GSK insisted that it was not interested in a merger with AstraZeneca or any other group, but its shares fell by 3 per cent as investors concluded that Merck's takeover of Schering-Plough made such a tie-up more likely.
GSK said: “We see a huge deal as a risk that could cause us to take our eye off core strategy for two or three years while it bedded in - not a luxury we can afford.”
Shares in GSK rebounded slightly to close down 16p, more than 1.5 per cent, at £10.06. AstraZeneca shares rose 76p, more than 3.5 per cent, to close at £22.23 as investors reacted positively to the prospect of a takeover offer.
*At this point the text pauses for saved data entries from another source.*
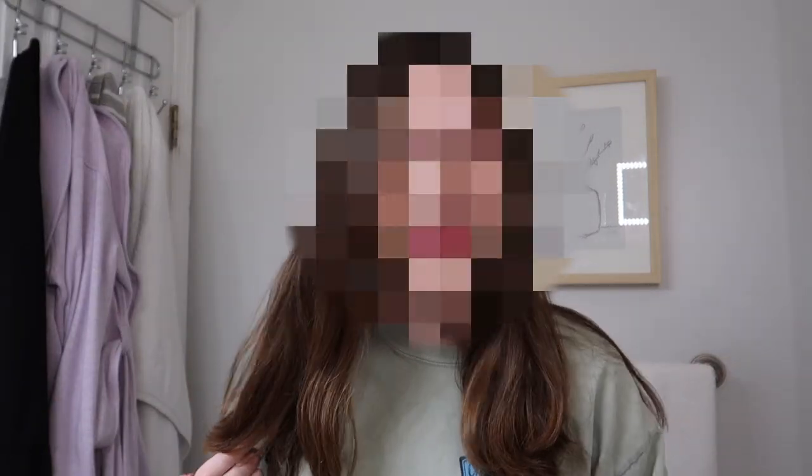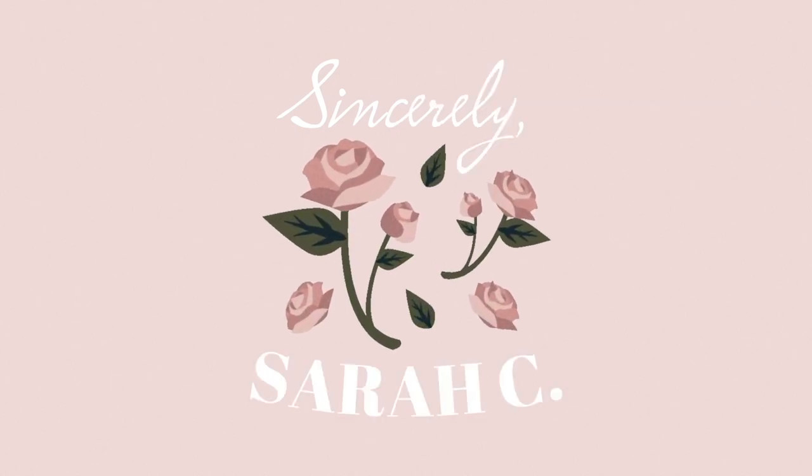You guys are probably like, put down the scissors and end the video here, but I can't. Hi guys, welcome back to my channel.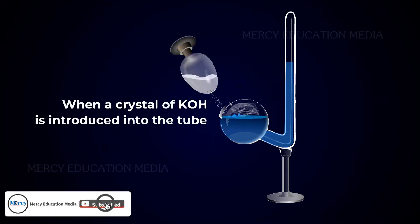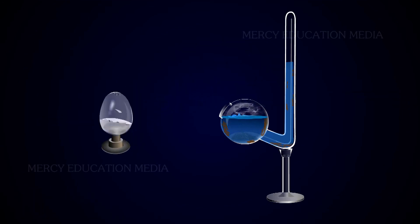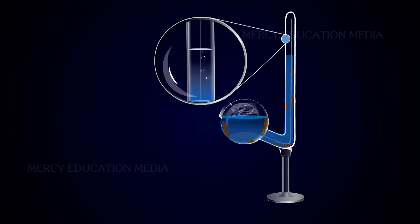When a crystal of potassium hydroxide is introduced into the tube, the potassium hydroxide will absorb the carbon dioxide and the level of the solution will rise in the upright tube.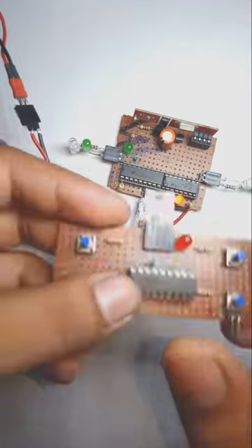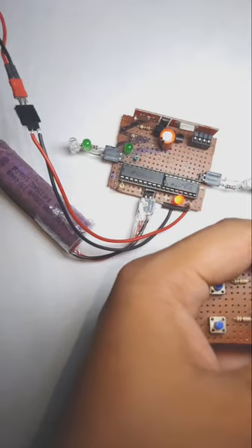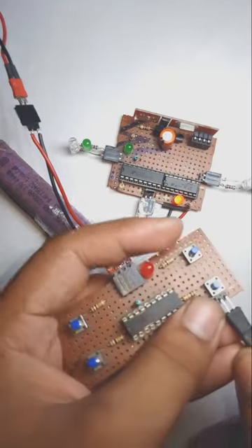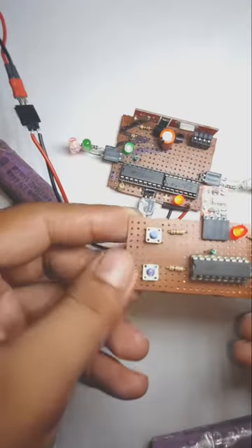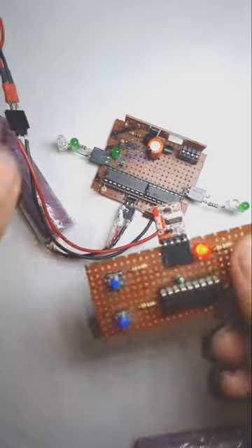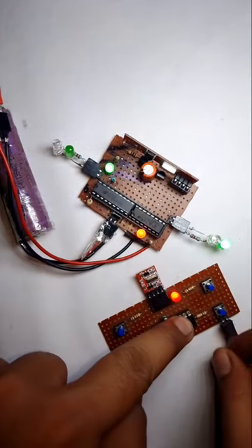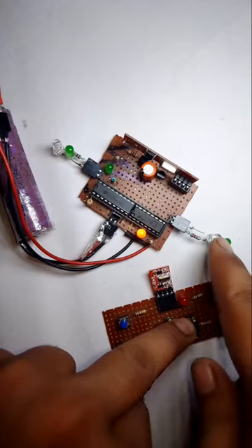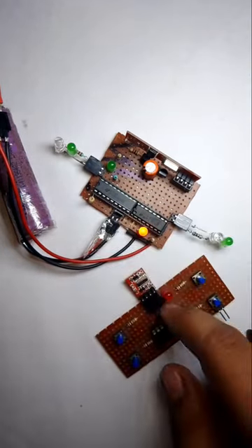In this video you can see an RF transmitter and receiver based on a 433 MHz module. It features an automatic shutdown if your receiver is out of range with the transmitter, so your robot or car will suddenly stop at the position where the connection is disconnected. Thanks for watching.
The Merck/Schering-Plough deal has been concluded five weeks after Pfizer agreed to buy Wyeth for $68billion, a purchase that will increase Pfizer's lead over GSK by raising its share of the global pharmaceuticals market from 6.2 per cent to 8.6 per cent.
Hours after Merck's announcement, it emerged that Roche was close to agreeing a deal with the Genentech board under which the Swiss drugs group would buy the 44 per cent of the American biotech company that it does not already own for $46.7billion.
The Merck/Schering-Plough tie-up would give the group 5.6 per cent of the world's pharmaceuticals market, pushing GSK into third place in the global league, with a 5.4per cent share, according to Datamonitor/IMS Health.
Merck said that 16,000 jobs, 15 per cent of the enlarged group's workforce, would go as it tried to cut $3.5billion costs annually. JPMorgan is advising Merck and Morgan Stanley and Gold-man Sachs are at Schering-Plough.